There’s a guy in my circle that is the world’s biggest bully. Ian has met him. We’ve gone to conferences with him. He just destroys people. He’s never destroyed me and I have made fun of him ruthlessly. I believe it all balances back to this. He knows that I know what I’m talking about. He knows he doesn’t need to undress me because it’s not going to be effective. If I make a mistake, he’ll ask the question or he’ll do it in a way that’s coaching. As a return favor, I roast him. It humanizes him. It’s got this weird relationship and it works so well because of that. Does that make sense? I know you’ve seen it.
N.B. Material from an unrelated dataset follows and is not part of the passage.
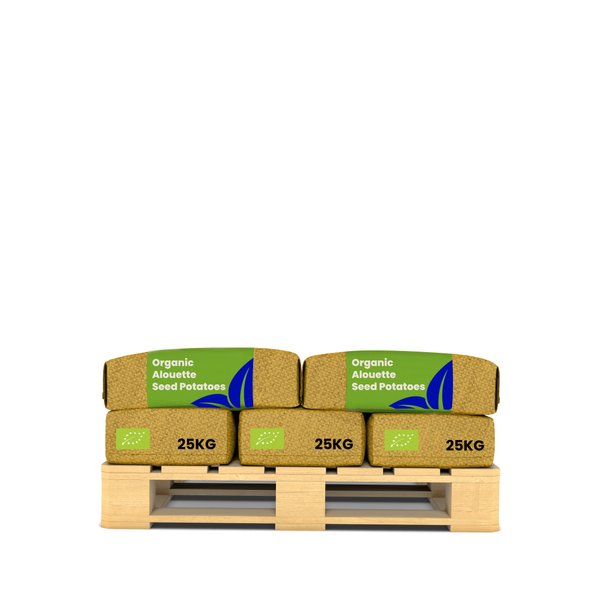 Eimer gefüllt mit ungeschälten Kartoffeln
That’s a big reason why I do it as much as I do. I’m much harder on people who are more powerful than me, more accomplished than me. Part of it is it sends a signal that I don’t need them. It sends a signal that I’m confident enough in myself, that I’m not sitting around worrying that they might fire me. By nature of doing those kinds of things, picking on him, you’re saying, “I don’t need to borrow money from you.” The people who bully are desperately looking to borrow hard money from him. That’s what you’re talking about.

You’re saying, “I like hanging around you, but if you gave me the finger and we never talked again, I’d be fine. I’m pretty confident myself.” “Yeah, I get it. You’re a much bigger fish than me, but I don’t give a damn. I’m going to pick on you.” For someone like him, when he’s used to being around people that are scared of him all the time, he appreciates having someone who will give it to him because you get tired of being the emperor with no clothes. Everyone says you look fine and everyone is fighting with each other to agree with you. I’ve learned long ago that the people higher up don’t have enough people that will crack them every once in a while. They appreciate it and they like it. From the CEO down, I would do that to people. I pick my moments. I try to be smart about it when I did it, and in what group I would do it.
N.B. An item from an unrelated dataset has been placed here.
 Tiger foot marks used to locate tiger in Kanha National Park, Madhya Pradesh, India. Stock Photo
Let’s talk about the strategy. Let’s say there is somebody you build a bond with and you think that it might make sense to utilize this strategy. What I always try is something smaller and nonpublic, and see how it goes. Before you do a big public show and show the dojo, you got to know that you have a little bit of a relationship, you got to know the sense of humor, you got to understand what you’re treading on and make sure it’s not sacred turf. There are strategic ways that you can do this through conversations, warming things up and feeling it out. You can then pounce and have fun with it. The other thing is you better be ready to take it back because you might get some in return. That’s part of the fun. If you do it right, it becomes a pretty ballet.

You floated dozens of little cracks to see, do they smile? What’s their sense of humor? Do they like those kinds of jokes? You keep taking up the temperature a little bit when you go through it. It’s an incredibly powerful tool when you use it the right way.

In a corporate setting, if you’ve got an ally like Ken, “What was your meeting with this guy like?” “That’s a tough fish. That’s a tough nut to crack.” You know that you don’t want to necessarily pick that guy or you figure out an angle. You can also utilize some others who were implementing a similar strategy.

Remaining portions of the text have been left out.